* _YOUR OBJECTIVE_:
Instruction for the entries below: return the part that opens with the line containing "10160 SW 136TH AVENUE, Dunnellon, FL 34432" and closes with the line containing "Bordsur, höjd 60 cm", exactly, and no pictures.

* _DATA TO EXAMINE_:
+ + + +

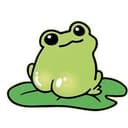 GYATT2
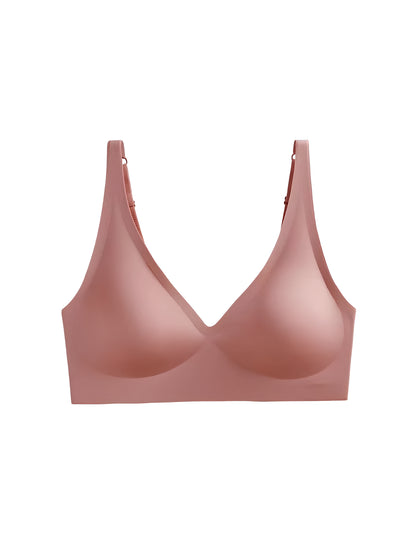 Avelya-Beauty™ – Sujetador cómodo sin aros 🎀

+ + + +

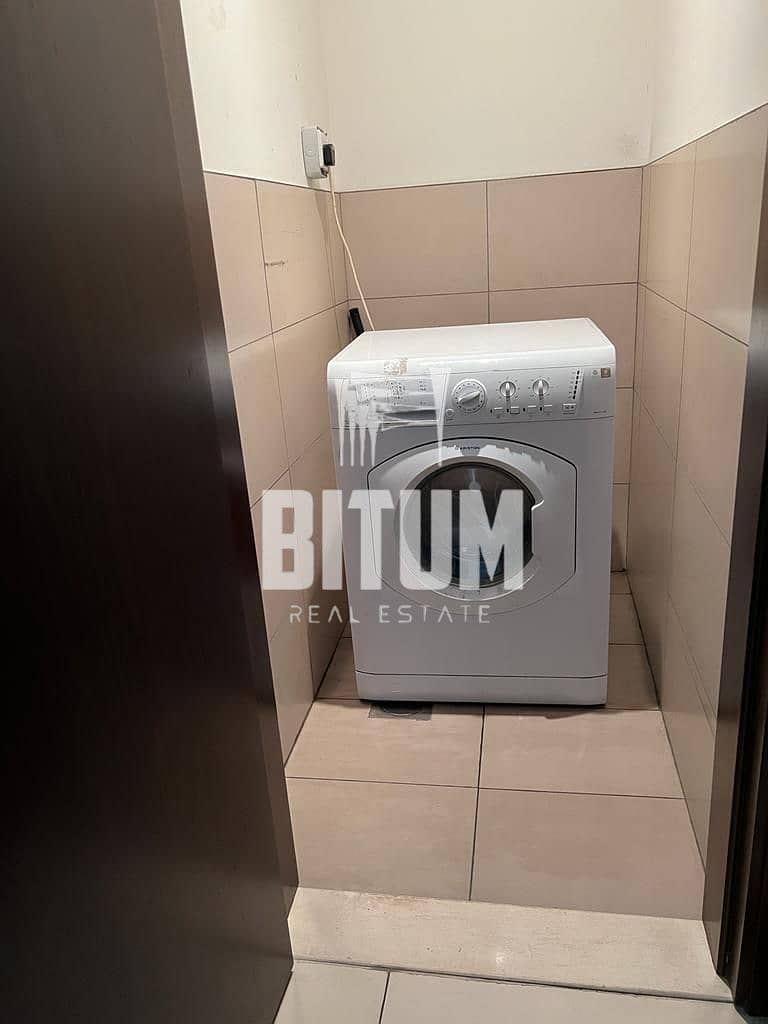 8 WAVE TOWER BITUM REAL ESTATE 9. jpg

+ + + +

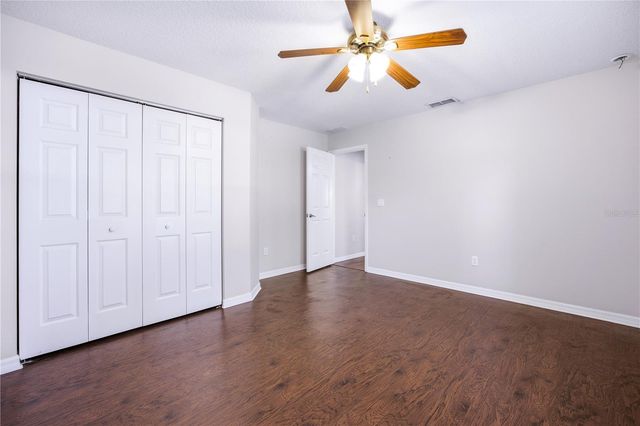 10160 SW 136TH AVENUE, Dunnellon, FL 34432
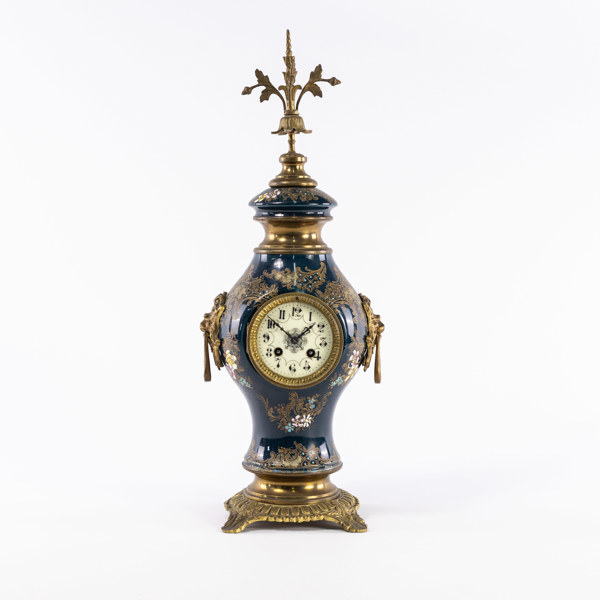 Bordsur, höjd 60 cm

+ + + +

* _EXERCISE RESULT_:
 10160 SW 136TH AVENUE, Dunnellon, FL 34432
 Bordsur, höjd 60 cm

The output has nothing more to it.